▶ **PROBLEM DESCRIPTION**: Where the data below shows a picture, leave that picture out and copy the rest exactly.

▶ **SUPPLIED DATA**:
_ _ _ _ _ _ _

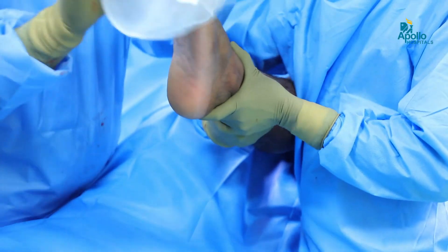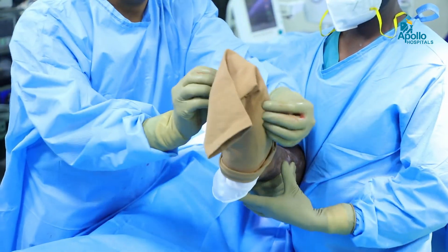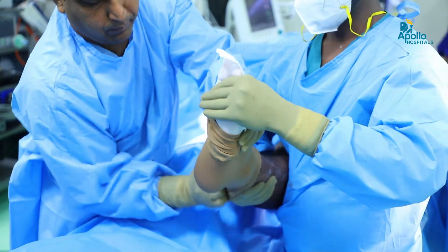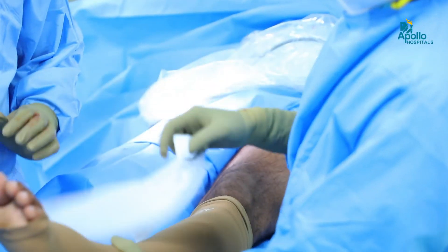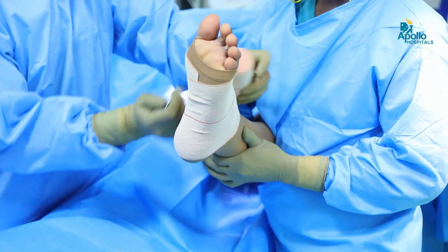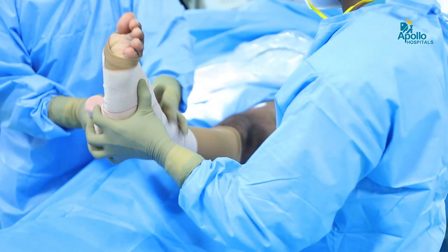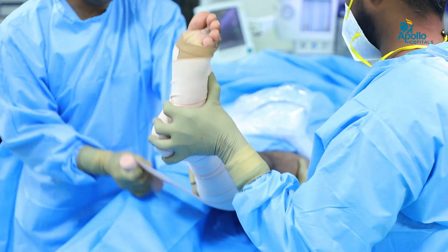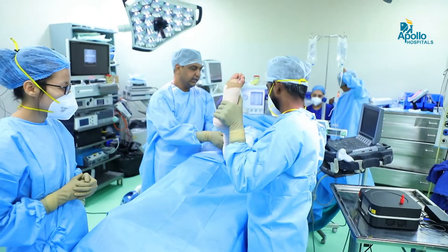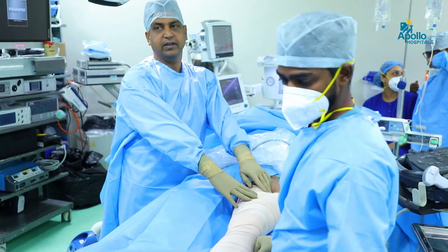Once the procedure is done, we apply stockings and compression crepe bandage for 48 hours. After that, the patient goes home only with stockings. Initially for 48 hours, we allow the compression to be there continuously throughout the day. But after 48 hours, only daytime stocking wear is adequate for this procedure.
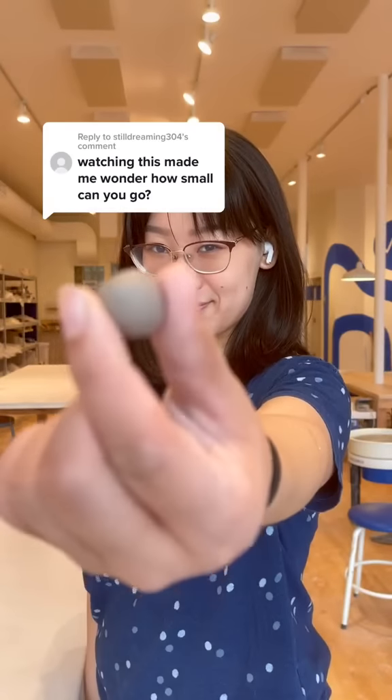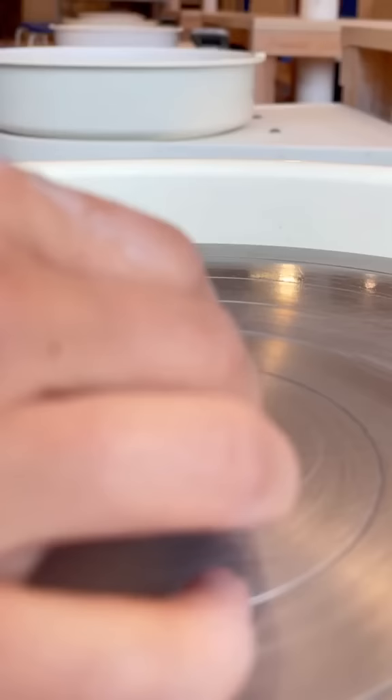Somebody asked me how small I could throw, and it was such a good idea that it got me wondering too. I have to say, this was way more challenging than throwing big.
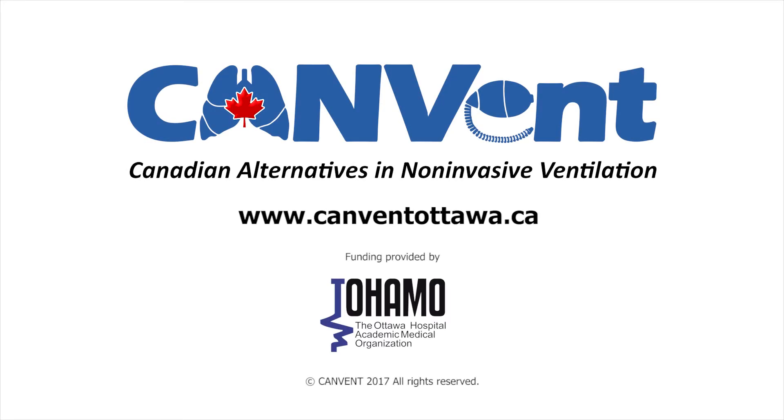Visit our website at www.canventottawa.ca for additional comprehensive information.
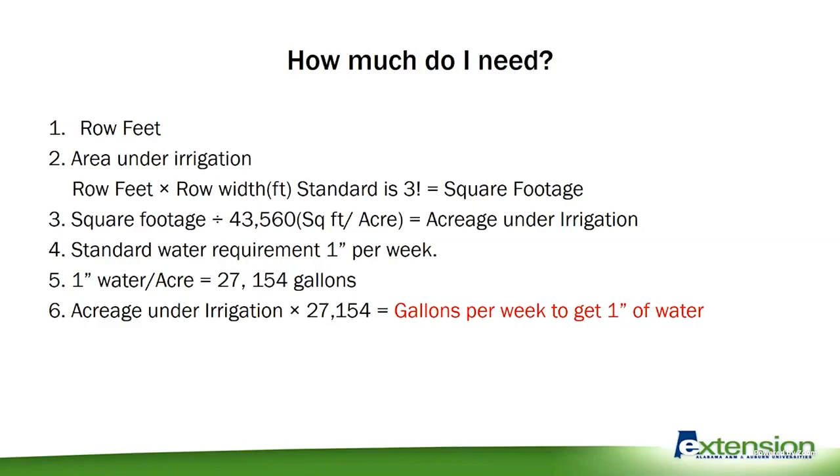First, you need to know your row feet. You also need to know your area under irrigation, which is pretty simple because we'll use our row feet multiplied by our row width. I'm using three foot as my standard here. Depending on your bed, you can change that if you'd like, but if we keep that standard three foot, I think we'll be fine. So once we get our square footage, we're going to divide that by 43,560 — that's our square footage in one acre — and that tells us our acreage under irrigation.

_ _ _ _ _ _ _

▶ **ANSWER BOX**:
Once the procedure is done, we apply stockings and compression crepe bandage for 48 hours. After that, the patient goes home only with stockings. Initially for 48 hours, we allow the compression to be there continuously throughout the day. But after 48 hours, only daytime stocking wear is adequate for this procedure.
Somebody asked me how small I could throw, and it was such a good idea that it got me wondering too. I have to say, this was way more challenging than throwing big.
Visit our website at www.canventottawa.ca for additional comprehensive information.
First, you need to know your row feet. You also need to know your area under irrigation, which is pretty simple because we'll use our row feet multiplied by our row width. I'm using three foot as my standard here. Depending on your bed, you can change that if you'd like, but if we keep that standard three foot, I think we'll be fine. So once we get our square footage, we're going to divide that by 43,560 — that's our square footage in one acre — and that tells us our acreage under irrigation.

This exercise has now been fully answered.